[Collected data]
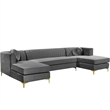 Pemberly Row Modern / Contemporary 3pc Velvet Sectional in Gray
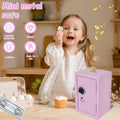 Small pink metal lock safe box for kids, mini money and jewelry storage case with key from Everything Baby.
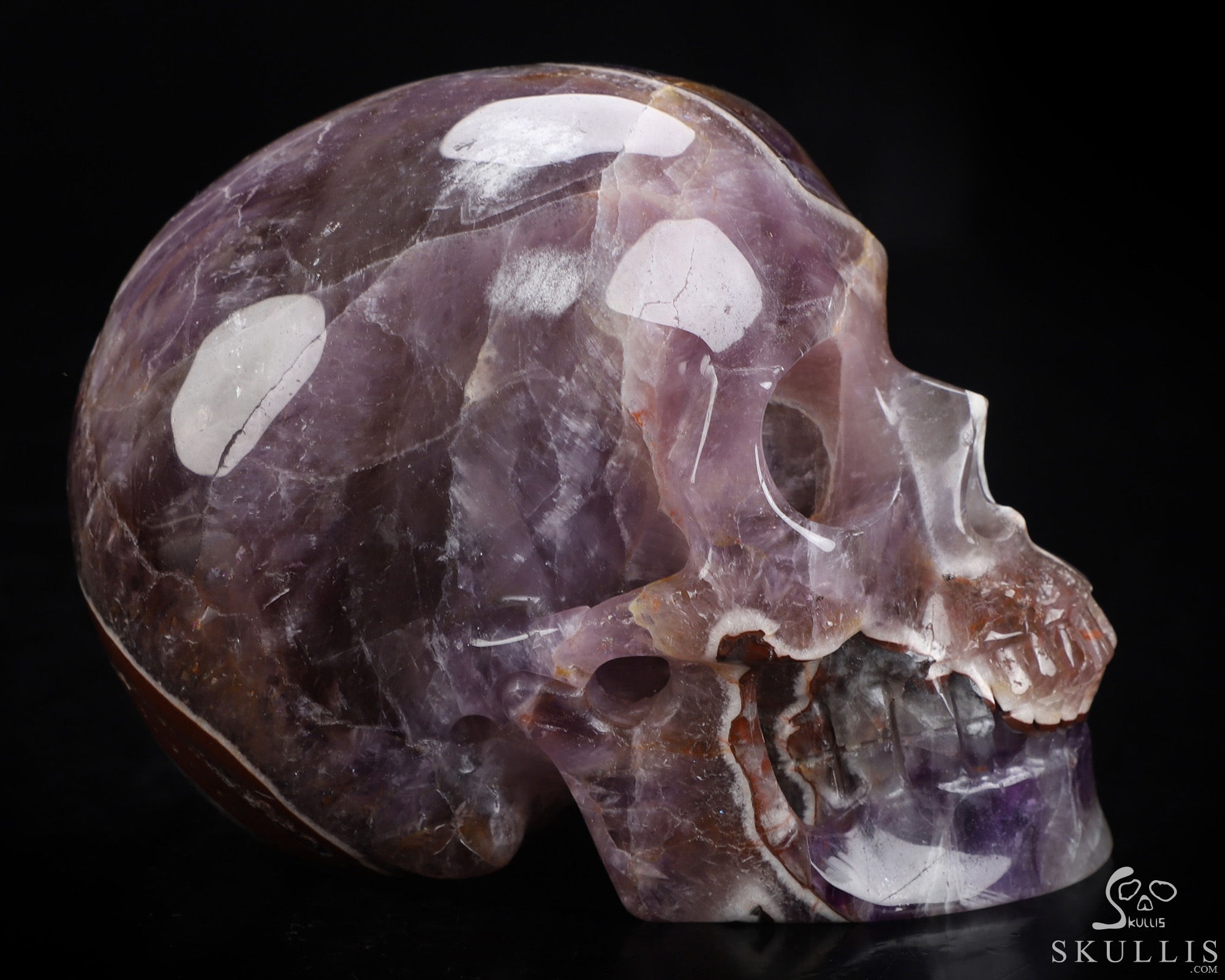 5.0" Dream Chevron Amethyst Hand Carved Crystal Skull, Realistic, Crystal Healing 5.0" Dream Chevron Amethyst Hand Carved Crystal Skull, Realistic, Crystal Healing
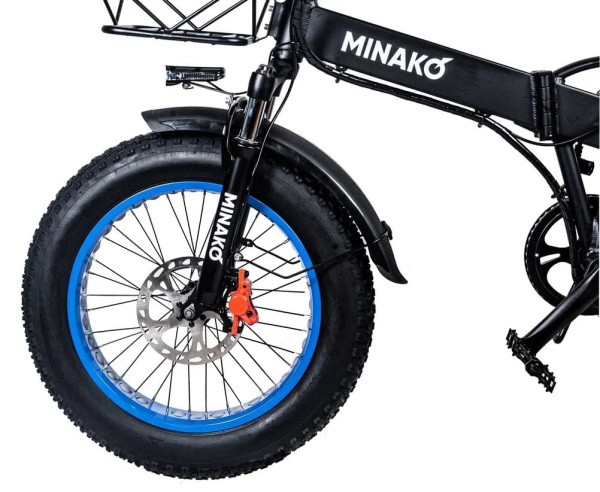 Электровелосипед Minako F10 черный с синими колесами спицы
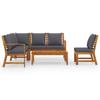 5 Piece Garden Lounge Set with Cushions Solid Acacia Wood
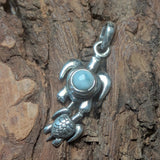 Larimar Sea Turtle Pendant~JSSLARST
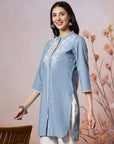 Solid Straight Cotton Blend Kurta Set with Ethnic Embroidery & Lace Detail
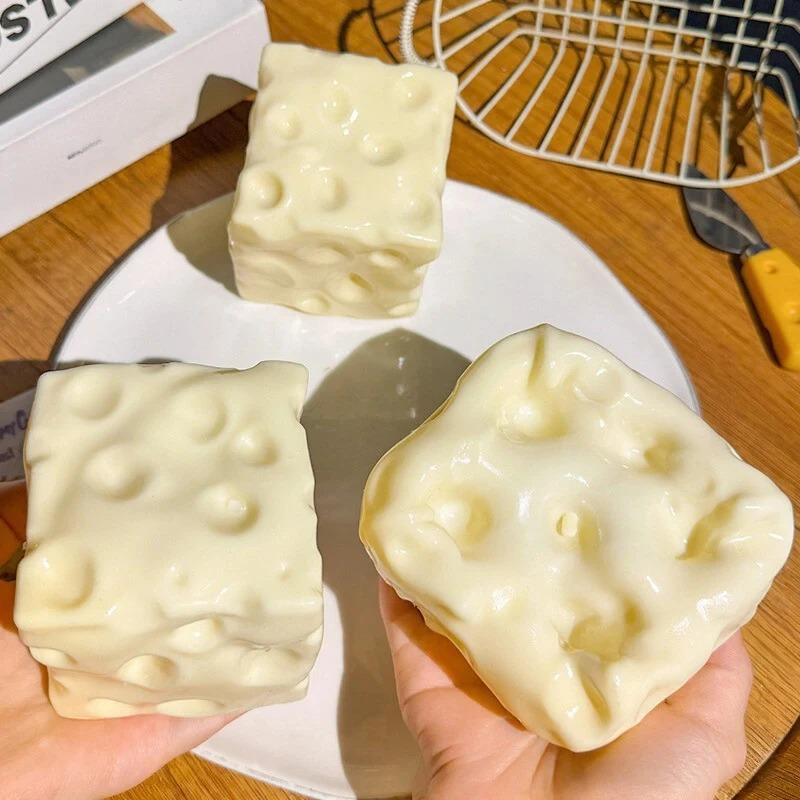 Caixa Surpresa Plástica Deformável Queijo Moldável Óleo de Coco Anti-Retorno Aperto Alívio de Estresse Brinquedo Fidget Bola Plástica Descompressão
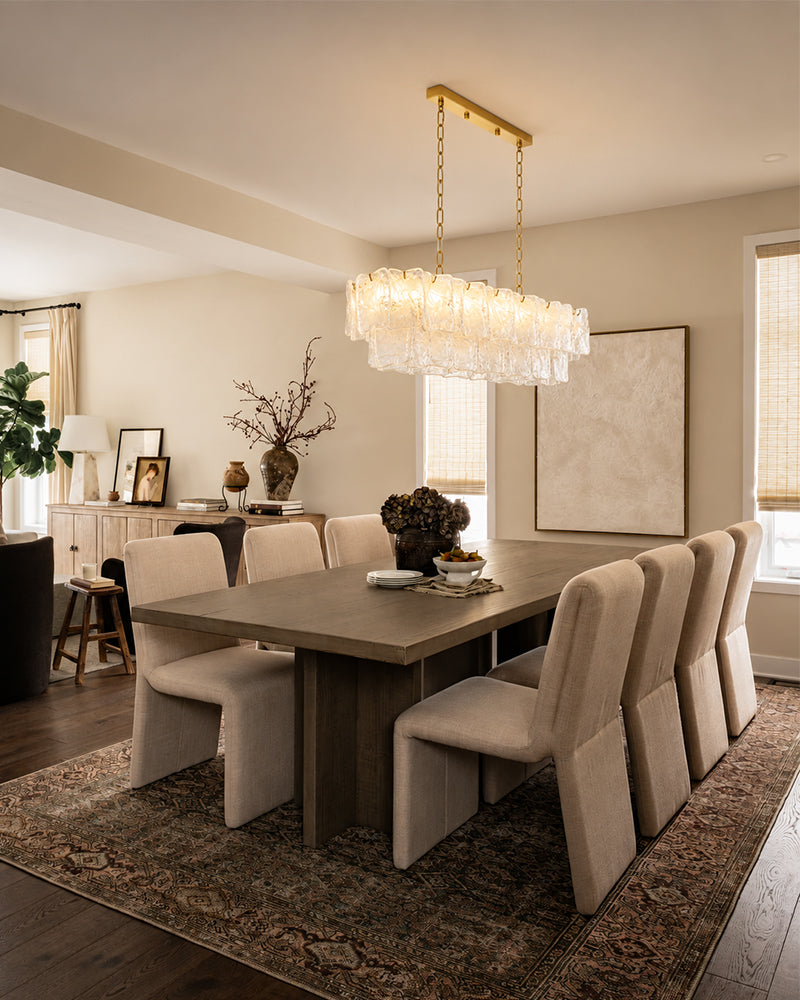 Chiara Murano Glass Contemporary Ethereal White Linear Chandelier - Lux Gold Trim - Kitchen Islands & Dining Rooms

▶ Task: Give again, unchanged, only the lines from the line containing "Larimar Sea Turtle Pendant~JSSLARST" to the last line of the records above. Pictures do not belong in the copy.

▶ Written answer:
 Larimar Sea Turtle Pendant~JSSLARST
 Solid Straight Cotton Blend Kurta Set with Ethnic Embroidery & Lace Detail
 Caixa Surpresa Plástica Deformável Queijo Moldável Óleo de Coco Anti-Retorno Aperto Alívio de Estresse Brinquedo Fidget Bola Plástica Descompressão
 Chiara Murano Glass Contemporary Ethereal White Linear Chandelier - Lux Gold Trim - Kitchen Islands & Dining Rooms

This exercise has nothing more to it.